** ENTRIES PROVIDED follows **

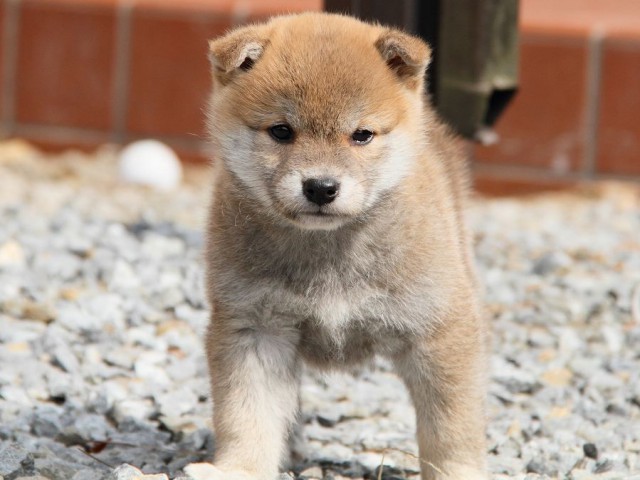 IMG_0172Shiba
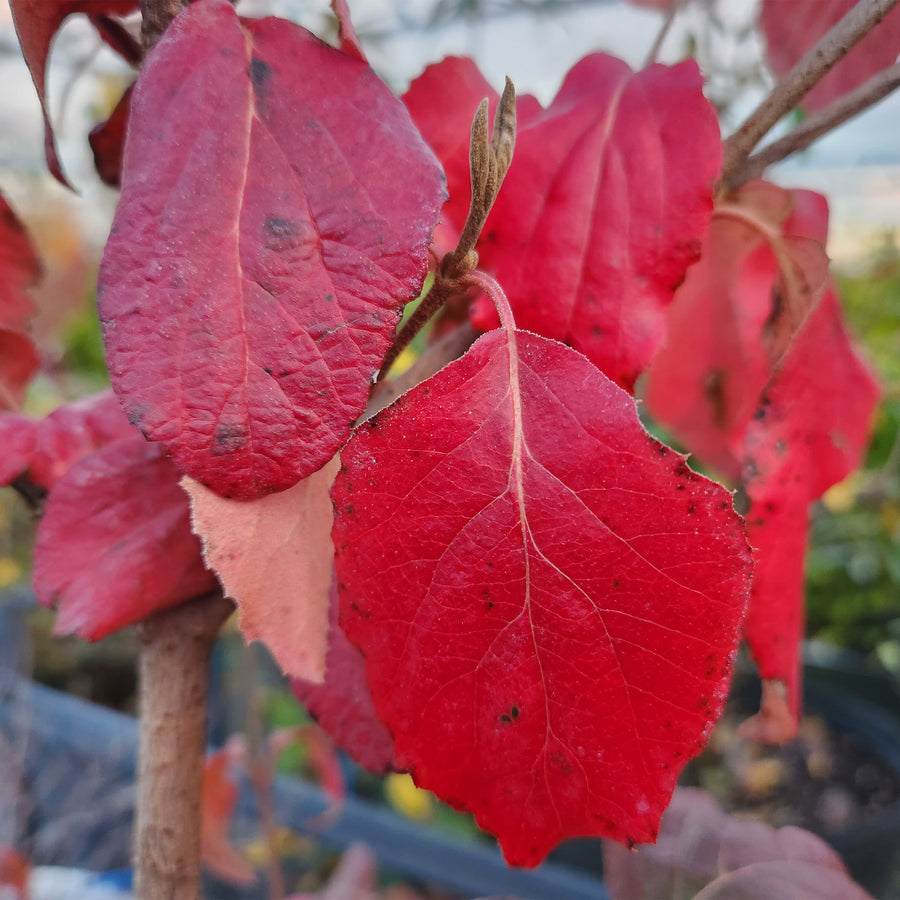 Sugar n' Spice® Koreanspice Viburnum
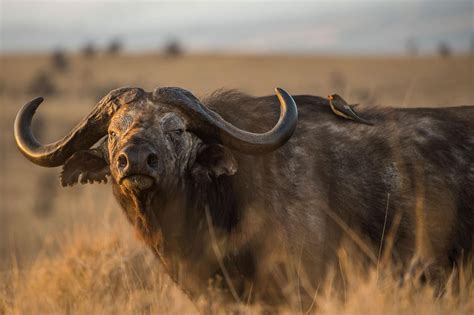 African buffalo, facts and photos | African buffalo, African wild dog ...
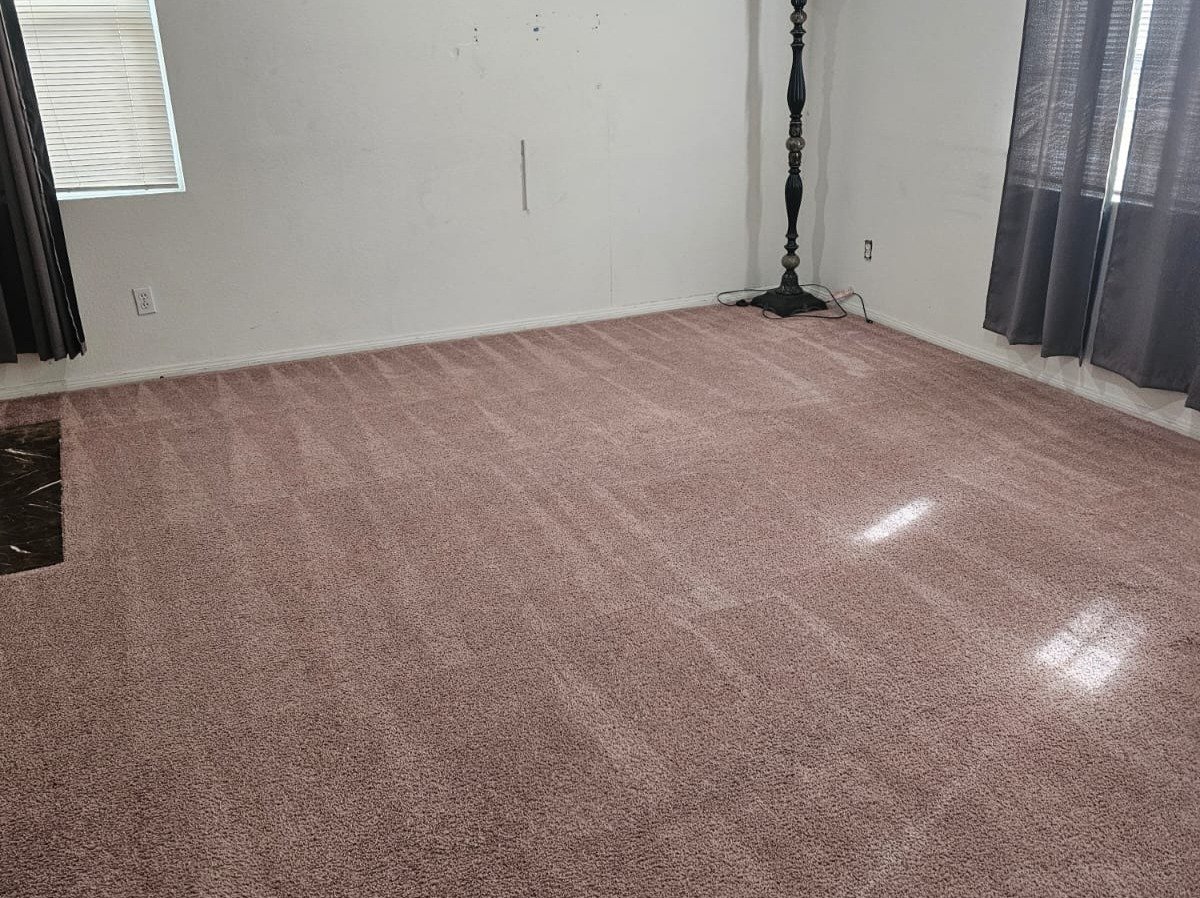 Aggressive Carpet Cleaning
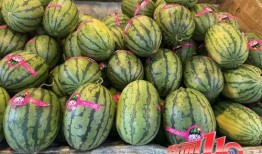 吃瓜爆料柳州视频大全集,视频大全集精彩回顾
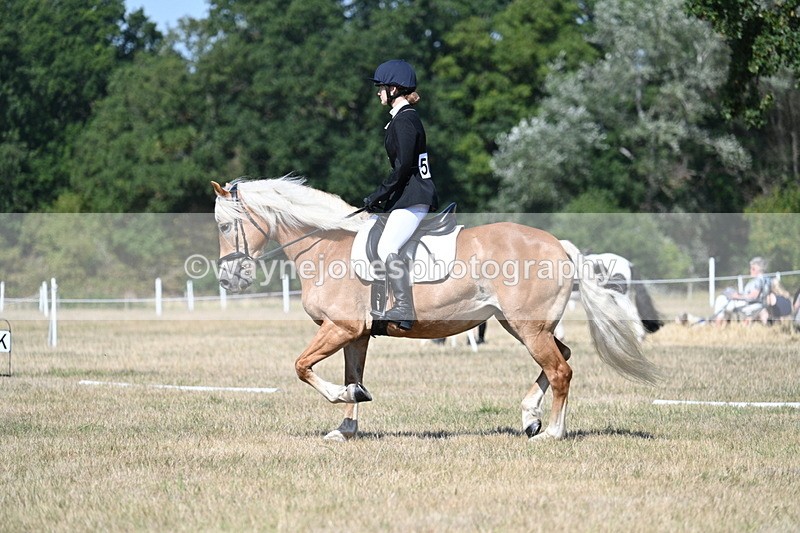 WJ7_0322 - Time 11:33 to 11:44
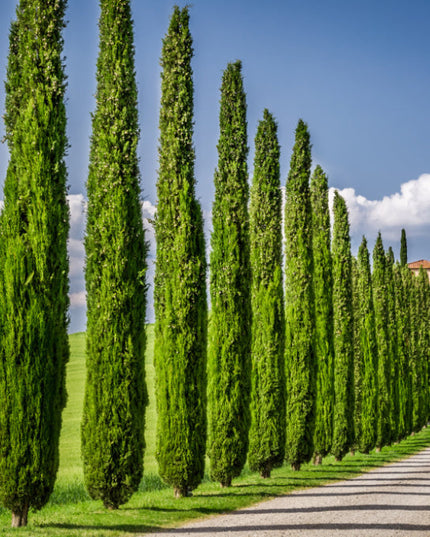Italian Cypress Seeds - Exotic Evergreen Tree Great for Landscaping and Hedge Rows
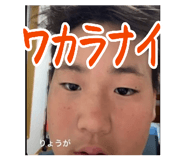 877545377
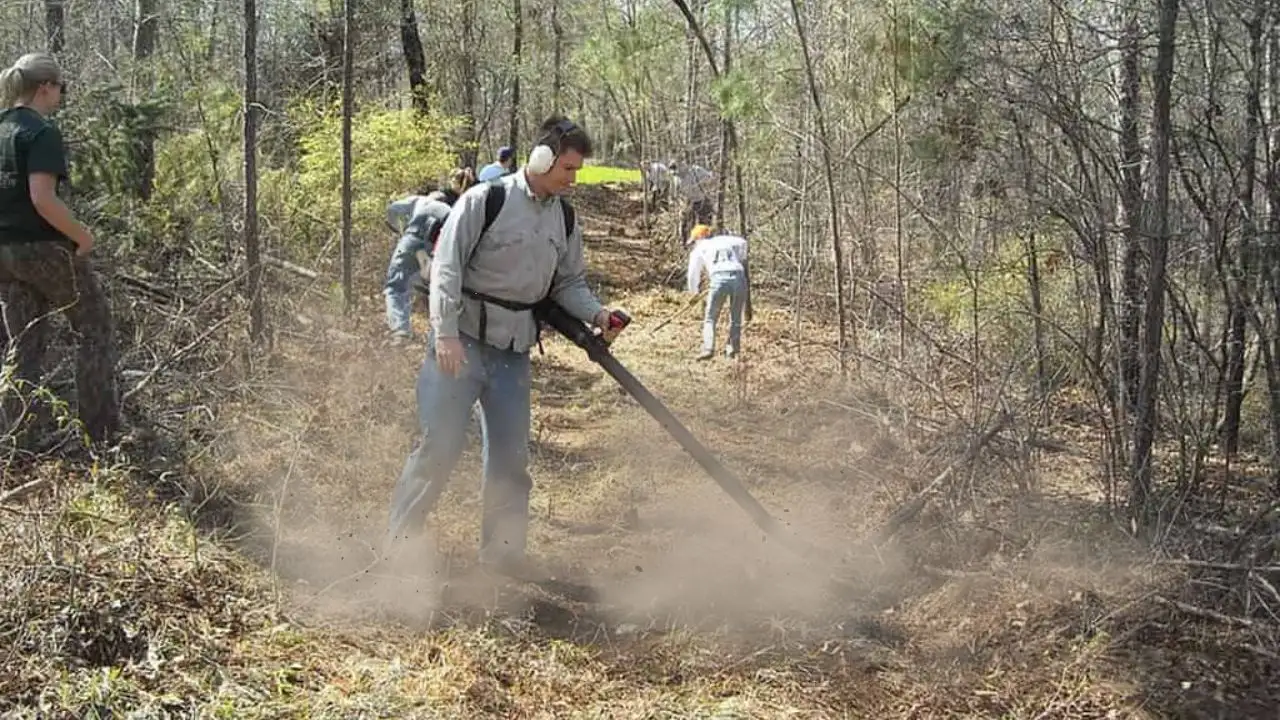 What causes leaf blowers to smoke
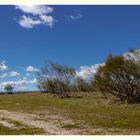 Nubes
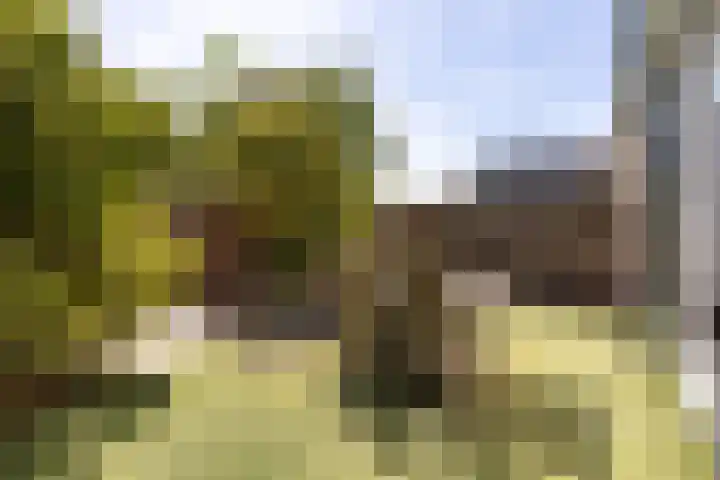 Dillenburg 15 Halfweg thumbnail 11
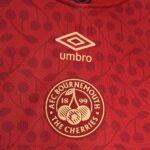 Mens AFC Bournemouth 2024/25 Red Jersey 2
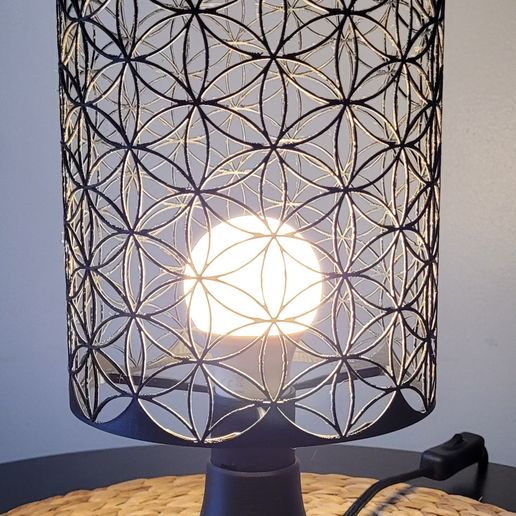 20240825_185010.jpg Flower of life 3. lampshade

** End of ENTRIES PROVIDED **

Starting at the line containing "Italian Cypress Seeds", output every remaining line of the records above exactly, the last one included. Nothing else belongs in the output, and no pictures either.

▶ _RESPONSE BELOW_
Italian Cypress Seeds - Exotic Evergreen Tree Great for Landscaping and Hedge Rows
 877545377
 What causes leaf blowers to smoke
 Nubes
 Dillenburg 15 Halfweg thumbnail 11
 Mens AFC Bournemouth 2024/25 Red Jersey 2
 20240825_185010.jpg Flower of life 3. lampshade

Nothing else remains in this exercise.